Once "Mitsubishi L 200" turns up in a line below, reproduce that line and those after it exactly, stopping after the line with "Papas fritas con"; leave pictures out.

## Input data
BEGIN

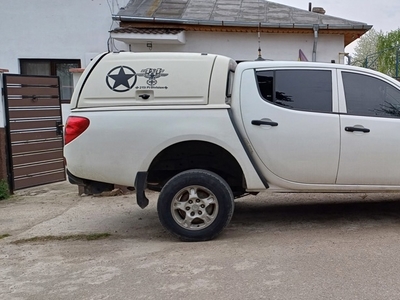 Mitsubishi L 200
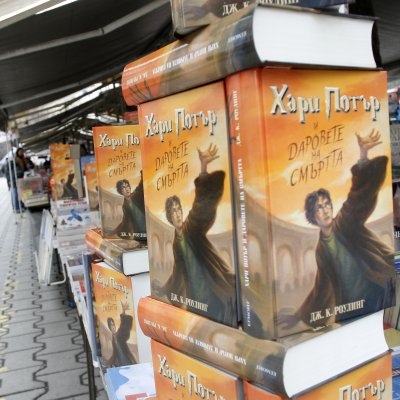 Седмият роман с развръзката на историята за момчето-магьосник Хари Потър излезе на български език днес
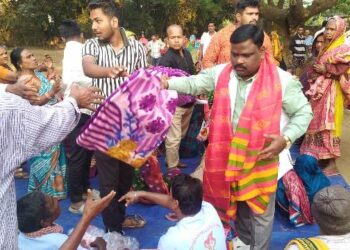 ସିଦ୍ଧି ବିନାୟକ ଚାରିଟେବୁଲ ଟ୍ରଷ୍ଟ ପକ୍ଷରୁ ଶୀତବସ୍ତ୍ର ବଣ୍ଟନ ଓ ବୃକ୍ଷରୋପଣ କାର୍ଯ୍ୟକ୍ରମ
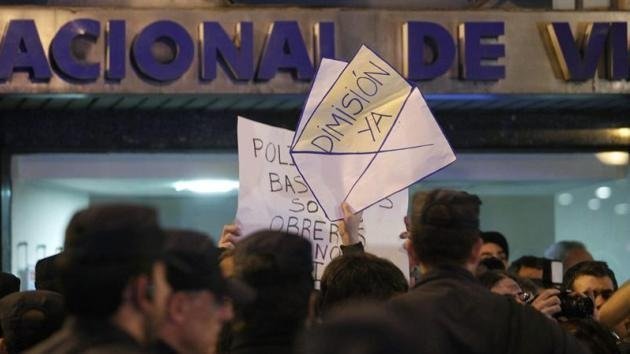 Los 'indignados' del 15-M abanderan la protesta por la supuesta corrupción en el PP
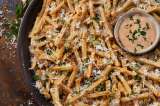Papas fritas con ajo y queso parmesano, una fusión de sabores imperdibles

END
BEGIN

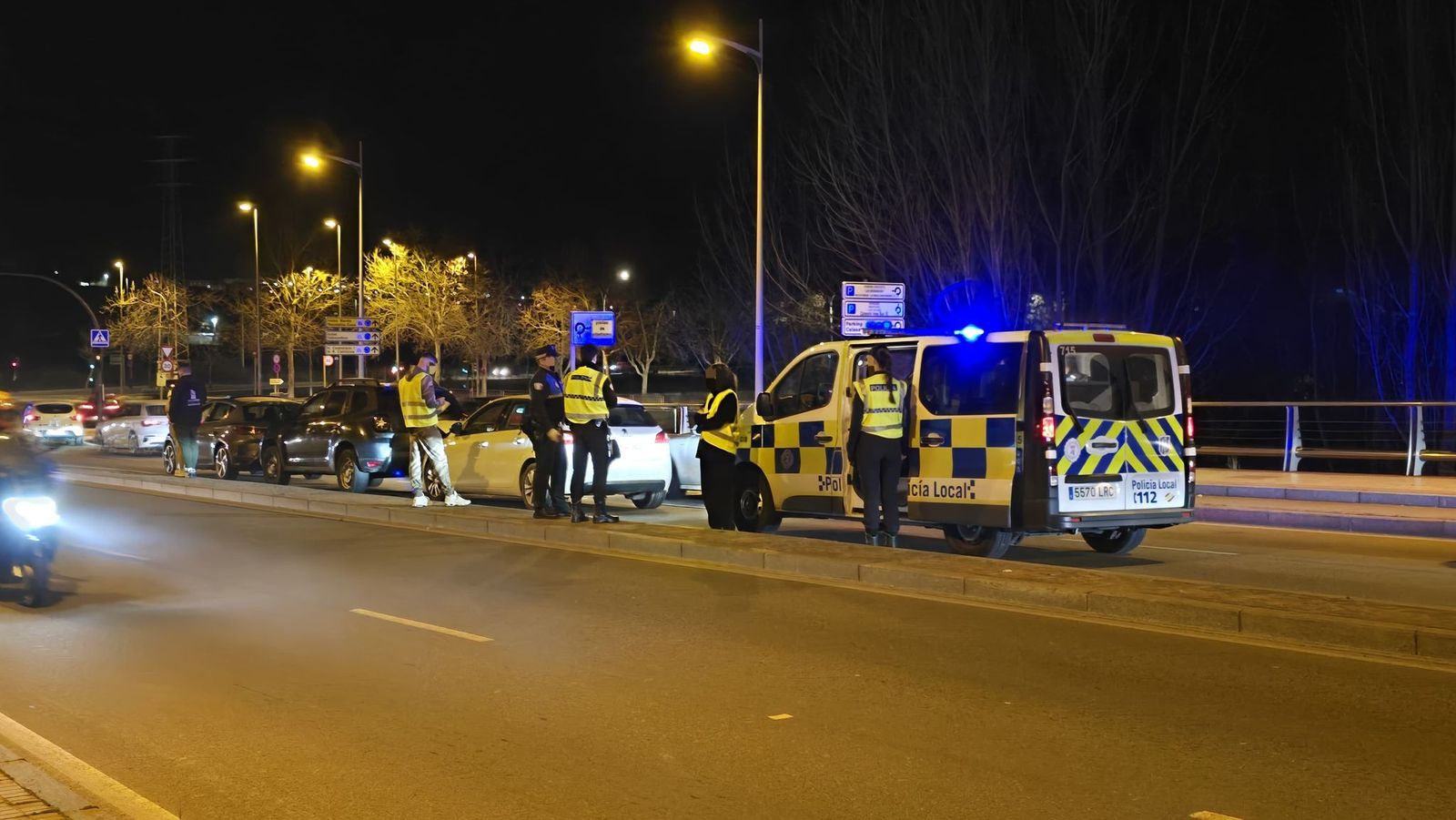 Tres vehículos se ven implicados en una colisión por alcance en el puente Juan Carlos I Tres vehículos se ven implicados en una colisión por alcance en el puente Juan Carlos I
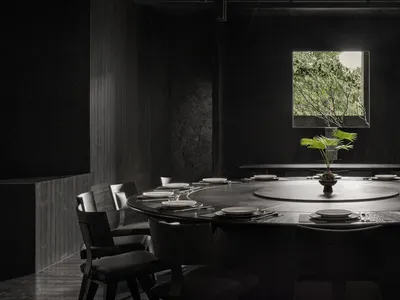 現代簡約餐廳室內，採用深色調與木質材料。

END
BEGIN

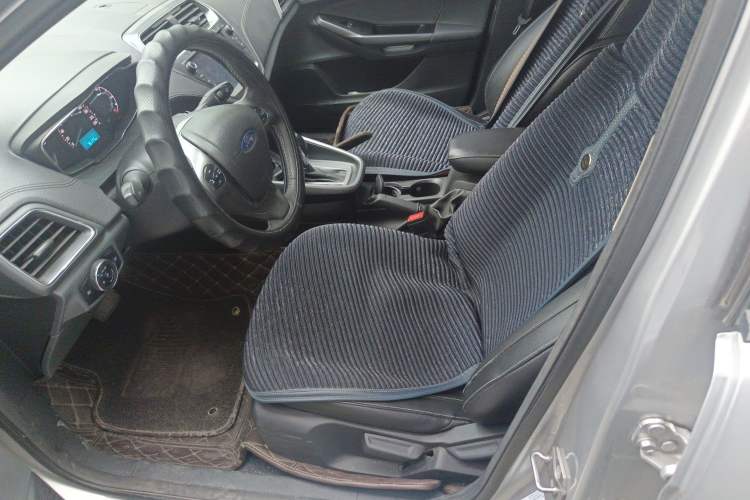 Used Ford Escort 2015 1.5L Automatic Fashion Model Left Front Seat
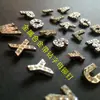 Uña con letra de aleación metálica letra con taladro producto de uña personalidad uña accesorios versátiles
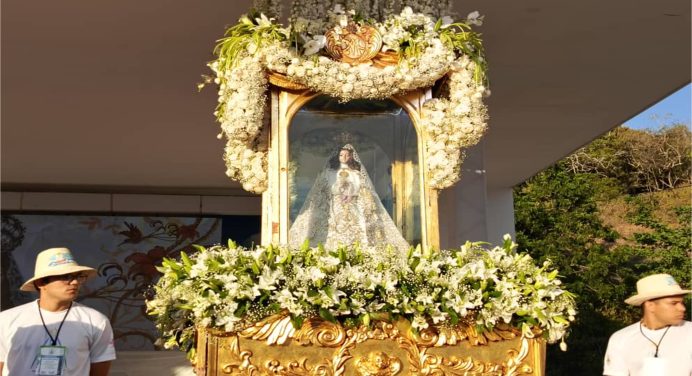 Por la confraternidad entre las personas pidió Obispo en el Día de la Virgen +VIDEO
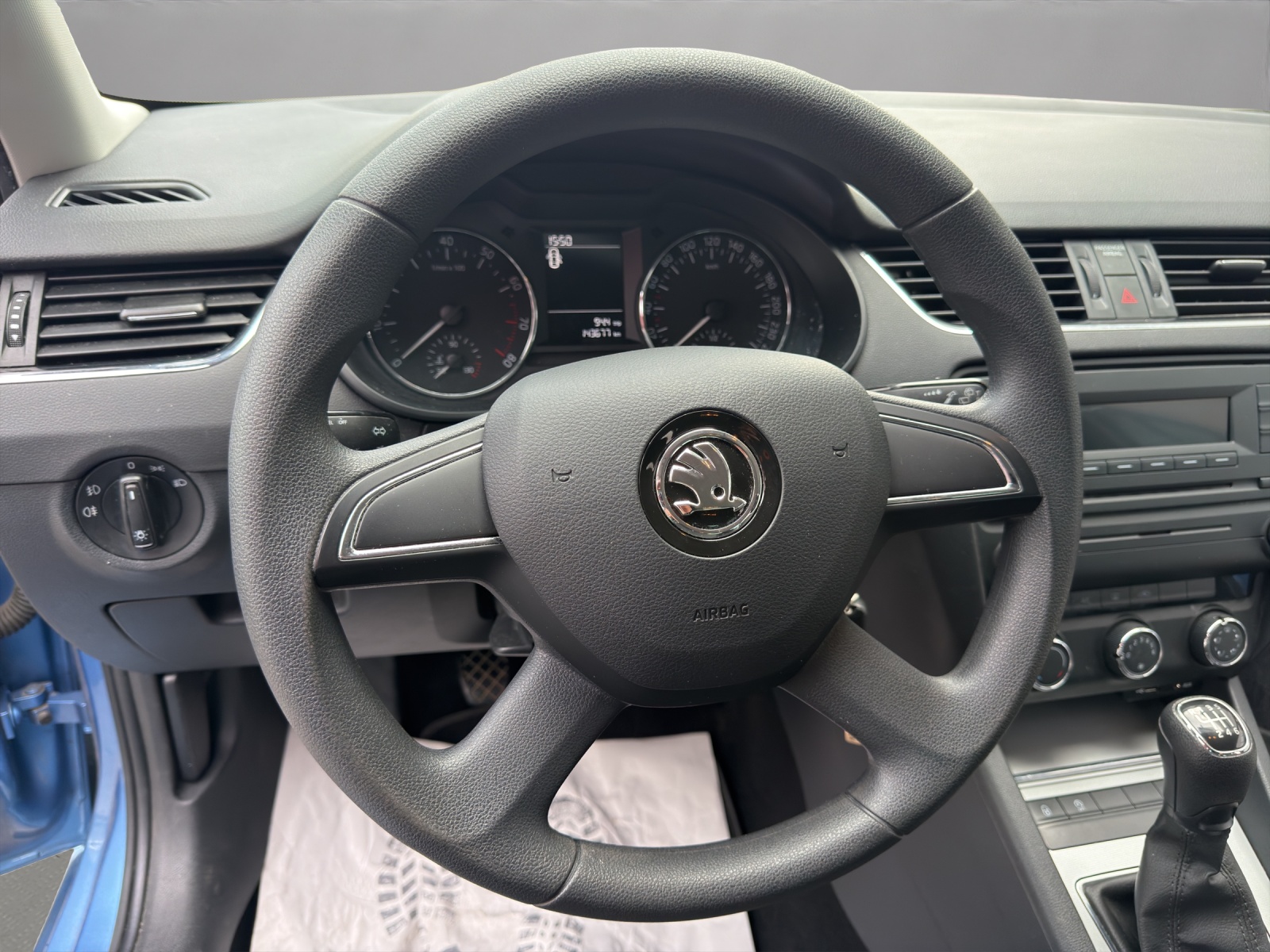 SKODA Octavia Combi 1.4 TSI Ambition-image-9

END

## Output below
 Mitsubishi L 200
 Седмият роман с развръзката на историята за момчето-магьосник Хари Потър излезе на български език днес
 ସିଦ୍ଧି ବିନାୟକ ଚାରିଟେବୁଲ ଟ୍ରଷ୍ଟ ପକ୍ଷରୁ ଶୀତବସ୍ତ୍ର ବଣ୍ଟନ ଓ ବୃକ୍ଷରୋପଣ କାର୍ଯ୍ୟକ୍ରମ
 Los 'indignados' del 15-M abanderan la protesta por la supuesta corrupción en el PP
Papas fritas con ajo y queso parmesano, una fusión de sabores imperdibles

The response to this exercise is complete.